Bingata, le trésor d’Okinawa

La technique complexe et unique de la teinture bingata

Aux côtés de ses autres artisanats, la teinture bingata jouit d’une très bonne réputation dans tout le pays. Cette technique complexe est apparue entre le XIVe et XVe siècle. Elle consiste à colorer, à l’aide d’un pochoir et de pinceaux, des motifs variés, aux couleurs vives sur des étoffes de coton, de soie ou encore de fibres de bananier. Elle est notamment utilisée pour les kimonos et les ceintures, ainsi que pour des sets de table et des petites pochettes.

Motifs sur tissu, art traditionnel qui fait la fierté d'Okinawa
Photo de br1dotcom sur le site Foter.com / CC BY

Des motifs sublimes aux couleurs d’Okinawa

Contrairement aux motifs saisonniers présents sur les tissus japonais classiques, on retrouve très peu de ces éléments sur le tissu bingata. Des motifs correspondant à l’environnement d’Okinawa sont mis en avant. On peut, par exemple, voir des motifs de vagues ou des dessins représentant la flore très développée de l’archipel. Les couleurs chaleureuses de ce tissu évoquent les paysages colorés et l’ambiance unique d’Okinawa.

Le sanshin, un instrument de musique qui guérit le cœur des habitants d’Okinawa

Chaque foyer d’Okinawa possède au moins un sanshin. Que ce soit pour procurer de la joie et des rires ou pour guérir un cœur blessé, le sanshin accompagne ses habitants depuis des siècles en tant qu’instrument traditionnel de musique.

Le coeur et l’âme de la culture d’Okinawa

Le sanshin est un instrument à trois cordes fabriqué à Okinawa. C’est une évolution du « Sanxian », un instrument chinois qui a fait son chemin sur l’archipel. À l’origine, il était utilisé comme instrument de la cour royale. Cependant, il a progressivement évolué vers la musique de festival et est maintenant joué régulièrement dans les foyers locaux. Pour ses habitants, c’est plus qu’un simple instrument de musique, c’est un outil pour mieux comprendre leur passé, eux-même et le monde qui les entoure.

Plusieurs sanshin alignés dans un musée
Photo de Michael M sur le site Pexels

Les caractéristiques du Sanshin

Le sanshin a une allure de banjo et est généralement recouvert d’une peau de serpent. La qualité de la peau de serpent est un facteur important qui modifie le son de cet instrument. Il est généralement joué de la main droite avec les doigts de la main gauche sur les cordes. Aujourd’hui, il existe de nombreux types de sanshin : avec une peau de serpent artificielle, recouvert de tissus ou en bois. Les moins chers sont appelés « kankara sanshin » et sont très populaires comme souvenirs. Les bars de chansons folkloriques sont des endroits parfaits pour apprécier la chanson et la danse qui accompagnent la performance du sanshin.

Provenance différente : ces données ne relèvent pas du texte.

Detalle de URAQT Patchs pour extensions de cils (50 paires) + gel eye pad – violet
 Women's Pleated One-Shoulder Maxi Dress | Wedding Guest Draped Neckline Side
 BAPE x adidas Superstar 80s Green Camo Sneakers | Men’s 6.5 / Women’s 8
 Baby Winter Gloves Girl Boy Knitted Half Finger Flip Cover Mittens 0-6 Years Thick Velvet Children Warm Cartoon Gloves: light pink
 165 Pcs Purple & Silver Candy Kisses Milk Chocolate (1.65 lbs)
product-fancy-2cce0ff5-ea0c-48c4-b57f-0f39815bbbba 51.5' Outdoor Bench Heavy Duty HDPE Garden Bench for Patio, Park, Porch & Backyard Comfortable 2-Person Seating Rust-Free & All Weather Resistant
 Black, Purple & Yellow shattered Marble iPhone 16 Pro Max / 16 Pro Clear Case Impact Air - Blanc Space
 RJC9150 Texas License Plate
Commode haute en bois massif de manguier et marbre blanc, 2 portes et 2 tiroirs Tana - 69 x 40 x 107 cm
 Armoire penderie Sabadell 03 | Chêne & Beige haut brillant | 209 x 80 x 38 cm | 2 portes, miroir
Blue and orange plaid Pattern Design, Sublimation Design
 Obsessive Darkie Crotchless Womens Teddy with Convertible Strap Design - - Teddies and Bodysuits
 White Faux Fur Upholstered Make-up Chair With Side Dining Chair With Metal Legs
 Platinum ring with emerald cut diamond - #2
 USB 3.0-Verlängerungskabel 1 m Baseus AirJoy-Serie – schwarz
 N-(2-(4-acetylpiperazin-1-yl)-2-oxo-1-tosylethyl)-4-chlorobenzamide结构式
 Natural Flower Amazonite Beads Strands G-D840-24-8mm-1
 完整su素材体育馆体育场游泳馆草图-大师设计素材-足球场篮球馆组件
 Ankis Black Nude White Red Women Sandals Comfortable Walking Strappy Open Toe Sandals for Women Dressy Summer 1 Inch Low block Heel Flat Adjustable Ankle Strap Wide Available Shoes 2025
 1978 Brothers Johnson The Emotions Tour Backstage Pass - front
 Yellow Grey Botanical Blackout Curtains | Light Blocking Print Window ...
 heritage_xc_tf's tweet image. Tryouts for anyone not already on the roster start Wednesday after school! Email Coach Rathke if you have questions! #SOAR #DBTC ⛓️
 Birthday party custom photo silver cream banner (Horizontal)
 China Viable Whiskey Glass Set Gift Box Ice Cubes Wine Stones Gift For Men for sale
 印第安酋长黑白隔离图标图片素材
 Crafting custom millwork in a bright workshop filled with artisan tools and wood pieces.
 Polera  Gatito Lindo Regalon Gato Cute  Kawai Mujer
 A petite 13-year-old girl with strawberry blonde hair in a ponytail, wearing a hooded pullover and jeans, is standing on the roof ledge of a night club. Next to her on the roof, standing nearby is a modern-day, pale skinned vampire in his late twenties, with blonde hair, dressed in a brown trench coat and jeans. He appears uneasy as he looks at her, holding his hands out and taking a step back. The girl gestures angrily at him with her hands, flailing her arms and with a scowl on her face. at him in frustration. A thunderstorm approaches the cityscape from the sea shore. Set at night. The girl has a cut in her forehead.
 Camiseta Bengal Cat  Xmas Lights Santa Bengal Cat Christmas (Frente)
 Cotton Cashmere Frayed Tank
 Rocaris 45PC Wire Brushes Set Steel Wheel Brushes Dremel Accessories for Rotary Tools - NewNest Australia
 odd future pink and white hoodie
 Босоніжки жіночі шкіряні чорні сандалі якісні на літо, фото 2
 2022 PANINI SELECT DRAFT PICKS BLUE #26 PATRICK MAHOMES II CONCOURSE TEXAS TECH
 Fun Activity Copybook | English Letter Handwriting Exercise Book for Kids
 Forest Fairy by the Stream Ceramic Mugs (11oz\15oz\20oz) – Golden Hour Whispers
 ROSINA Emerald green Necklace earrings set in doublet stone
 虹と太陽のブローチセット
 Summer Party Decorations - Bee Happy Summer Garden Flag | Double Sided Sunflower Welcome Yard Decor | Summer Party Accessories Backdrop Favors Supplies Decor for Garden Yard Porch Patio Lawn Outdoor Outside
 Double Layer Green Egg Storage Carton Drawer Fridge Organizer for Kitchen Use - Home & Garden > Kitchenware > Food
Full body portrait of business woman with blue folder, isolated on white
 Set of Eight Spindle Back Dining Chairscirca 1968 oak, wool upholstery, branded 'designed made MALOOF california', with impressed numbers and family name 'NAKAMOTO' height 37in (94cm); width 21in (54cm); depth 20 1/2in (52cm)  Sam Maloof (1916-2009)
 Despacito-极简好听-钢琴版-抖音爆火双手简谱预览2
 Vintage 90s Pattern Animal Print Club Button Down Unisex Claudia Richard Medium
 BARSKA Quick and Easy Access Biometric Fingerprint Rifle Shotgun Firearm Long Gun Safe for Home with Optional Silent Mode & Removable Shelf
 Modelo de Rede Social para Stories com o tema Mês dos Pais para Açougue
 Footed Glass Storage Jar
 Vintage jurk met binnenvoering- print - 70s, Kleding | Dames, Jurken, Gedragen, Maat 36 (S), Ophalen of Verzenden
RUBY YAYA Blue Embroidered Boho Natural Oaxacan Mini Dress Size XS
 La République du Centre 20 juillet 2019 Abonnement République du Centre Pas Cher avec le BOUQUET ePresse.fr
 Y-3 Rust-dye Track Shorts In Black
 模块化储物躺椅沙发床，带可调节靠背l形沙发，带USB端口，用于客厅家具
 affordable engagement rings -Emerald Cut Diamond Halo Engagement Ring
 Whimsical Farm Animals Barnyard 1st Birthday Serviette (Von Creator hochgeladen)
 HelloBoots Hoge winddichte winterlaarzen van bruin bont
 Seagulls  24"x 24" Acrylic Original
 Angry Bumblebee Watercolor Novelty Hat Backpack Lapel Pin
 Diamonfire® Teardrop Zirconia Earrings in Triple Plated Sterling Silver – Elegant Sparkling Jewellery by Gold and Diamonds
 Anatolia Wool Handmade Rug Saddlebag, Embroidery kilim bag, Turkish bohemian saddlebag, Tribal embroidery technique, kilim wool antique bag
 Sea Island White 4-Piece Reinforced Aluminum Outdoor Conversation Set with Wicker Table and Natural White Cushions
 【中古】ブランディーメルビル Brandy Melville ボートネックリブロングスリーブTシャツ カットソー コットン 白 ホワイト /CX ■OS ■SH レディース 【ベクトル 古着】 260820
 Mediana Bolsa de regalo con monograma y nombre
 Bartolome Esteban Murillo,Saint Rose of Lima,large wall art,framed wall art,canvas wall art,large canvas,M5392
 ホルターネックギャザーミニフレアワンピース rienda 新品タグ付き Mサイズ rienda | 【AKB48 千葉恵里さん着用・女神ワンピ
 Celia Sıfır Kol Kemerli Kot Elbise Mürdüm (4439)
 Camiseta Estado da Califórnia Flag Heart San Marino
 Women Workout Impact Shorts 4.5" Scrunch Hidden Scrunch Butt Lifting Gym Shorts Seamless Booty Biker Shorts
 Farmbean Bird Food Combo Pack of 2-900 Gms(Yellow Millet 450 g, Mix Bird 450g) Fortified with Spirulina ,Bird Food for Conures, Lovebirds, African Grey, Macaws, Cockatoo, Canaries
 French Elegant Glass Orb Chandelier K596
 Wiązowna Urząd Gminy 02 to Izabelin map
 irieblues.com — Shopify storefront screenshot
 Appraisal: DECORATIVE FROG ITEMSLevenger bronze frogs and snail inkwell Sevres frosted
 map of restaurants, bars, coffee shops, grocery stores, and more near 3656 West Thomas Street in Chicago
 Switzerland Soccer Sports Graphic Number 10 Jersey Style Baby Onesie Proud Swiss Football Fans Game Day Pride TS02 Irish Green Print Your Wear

Ce ne sont là qu’une poignée d’arts et de traditions qui font d’Okinawa un endroit si unique et fascinant à vivre et à visiter. Chaque artisanat est spécifique à Okinawa et n’aurait pu être créé dans aucune autre préfecture du Japon. Ces artisanats formés à partir d’un mélange du riche climat naturel, de la culture du royaume de Ryūkyū et des compétences des autres pays forment une collection de biens inestimables avec une histoire vibrante. Pourquoi s’arrêter aux artisanats ? L’archipel d’Okinawa est aussi réputée pour son art du spectacle hérité de l’ancien royaume comme le kumiodori (représentation théâtrale composée de danse et de chant) et la danse Ryūkyū (et ses quatre variations). Vous l’aurez compris, Okinawa est un trésor d’expériences qui ne demandent qu’à être découvertes.